Further analysis revealed that 22 known miRNAs belonging to 10 miRNA families, miRNA168, miRNA396, and novel miRNA160 were the most extensively represented families. All miRNAs were analyzed to detect differential miRNA expressions (DEMs). The results showed that miRNAs expression was dynamically regulated during expansion stages. A total of 44 differentially expressed miRNAs were identified including 11 known and 33 novel miRNAs; it showed that 40 miRNAs were down-regulated, and 4 miRNAs were up-regulated during expansion stage (Table 5). Interestingly, miR160 family (miRNA160, miRNA160a-5p, miRNA160b-1, miRNA160h-1) and miR535a_1 were down-regulated during expansion stage, miRNA396b and miRNA168 were up-regulated compared to other miRNA families (Table 5).
Identification of target genes of differentially expressed miRNA in tuber expansion compared with initiation stage
The miRNA regulates target mRNA through translational repression or mRNA degradation. To identify the correlation between the expression of DEMs and DEGs, a total of 11 DEMs were putatively targeted to 34 DEGs (Additional file 6: Table S5). Notably, 4 known miRNAs and 11genes formed 14 miRNA-target mRNA pairs with co-expressed expression in expansion stage (Fig. 6). Furthermore, based on GO and KEGG analysis of the targets, it was showed that differentially expressed miRNAs were involved in multiple pathways. Some of target genes of miRNA were annotated as transcription factors, such as two auxin response factor ARFs (ARF17 and ARF18, targeted by miRNA160), growth-regulating factor 4 (GRF, targeted by miRNA396b), B3 domain-containing protein (ABI3VP1, targeted by miRNA396b), and squamosa promoter-binding-like protein 3 (SBP3, targeted by miR535a_1).
On the other hand, some target genes were revealed to be involved in transport and catabolism processes, such as autophagy-related protein 13b (ATG13, targeted by miRNA160), IST1-like protein (IST1, targeted by miR396a-5p and miR396b).

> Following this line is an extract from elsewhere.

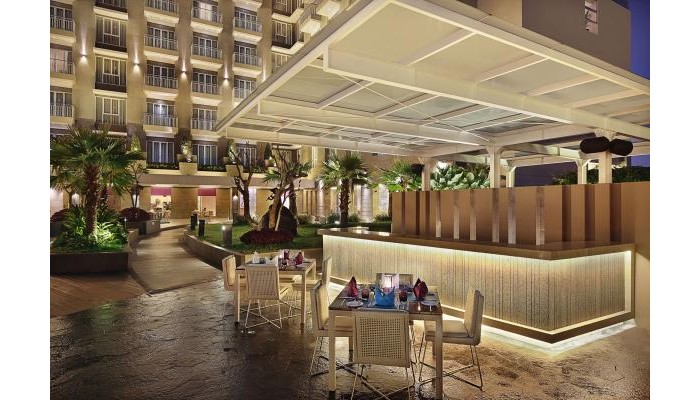 Hotel Grand Mercure Bandung Setia Budi poza 1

Finally, some genes were annotated as other functional proteins, such as receptor expression-enhancing protein1 (REEP1, targeted by miR396a-5p and miR396b), photosystem II oxygen-evolving enhancer protein 2 (psbP, targeted by miR396a-5p and miR396b), and acetyl-CoA carboxylase biotin carboxyl carrier protein (accB, targeted by miR396b).
Validation of the DEGs and DEMs data using RT-qPCR
To identify the accuracy and reliability of RNA-Seq and miRNA data, RT-qPCR was used to measure the expressions of some DEGs and DEMs, including 15 mRNAs, and 7 miRNAs, specific primers were designed (Additional file 7 and 8: Tables S6 and S7). All mRNA and miRNA expressions have confirmed the accuracy of RNA-Seq and small RNA data. Overall, these results showed that 15 mRNAs showed similar expression patterns compared to DEGs analysis (Fig. 7a), and 7 miRNAs also showed very similar patterns compared to DEMs analysis (Fig. 7b). These results indicated that the RNA-Seq and small RNA data were reliable.